### Source material
*** Begin section ***

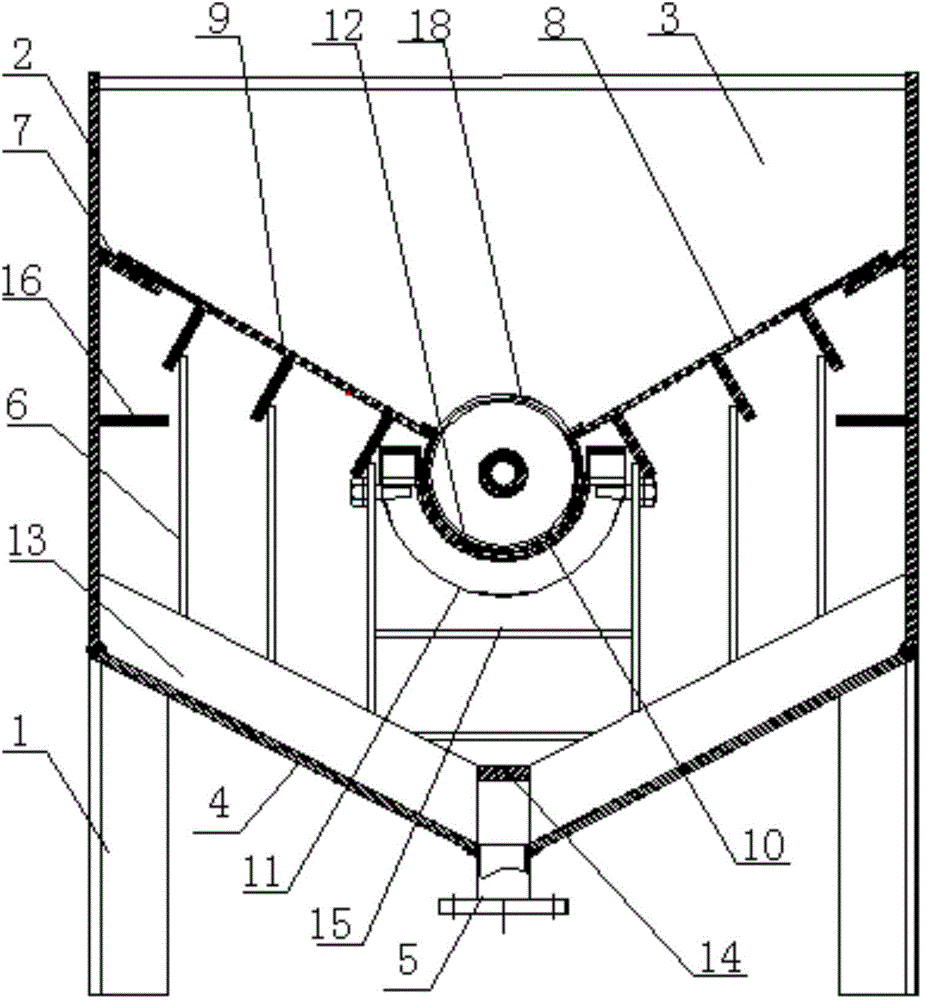 Product suction filtration slot filtration discharge mechanism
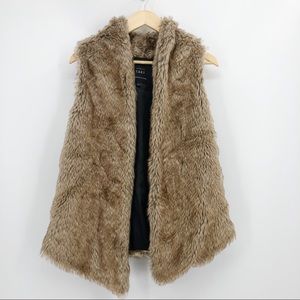 LEMON TART Faux Fur Vest S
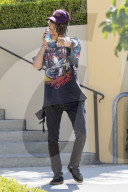 PEOPLE - Jaden Smith albert mit der Wasserflasche herum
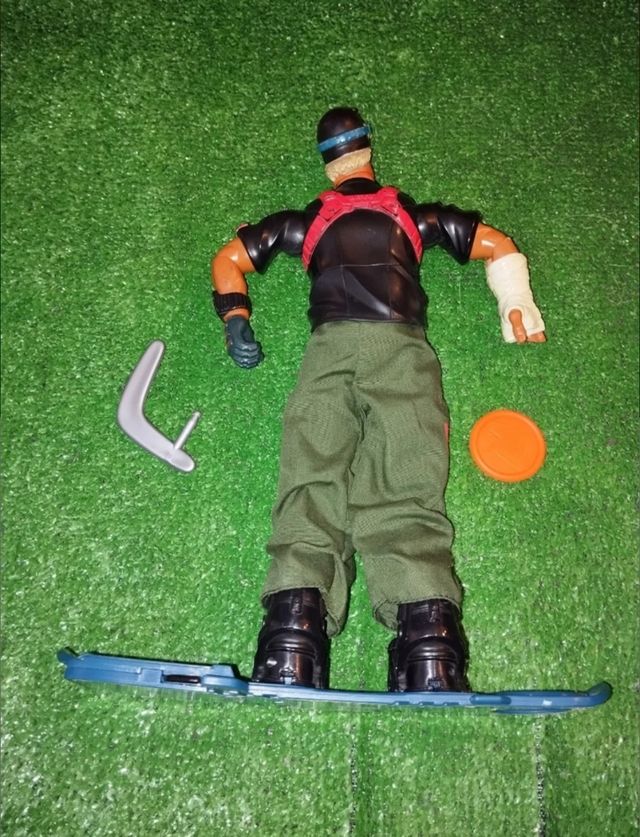 ACTION MAN Flynt con snowboard SKATEBOARD,HASBRO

*** End section ***

### Task
Print each line above exactly as it appears, excluding all images.

### Task output
 Product suction filtration slot filtration discharge mechanism
 LEMON TART Faux Fur Vest S
 PEOPLE - Jaden Smith albert mit der Wasserflasche herum
 ACTION MAN Flynt con snowboard SKATEBOARD,HASBRO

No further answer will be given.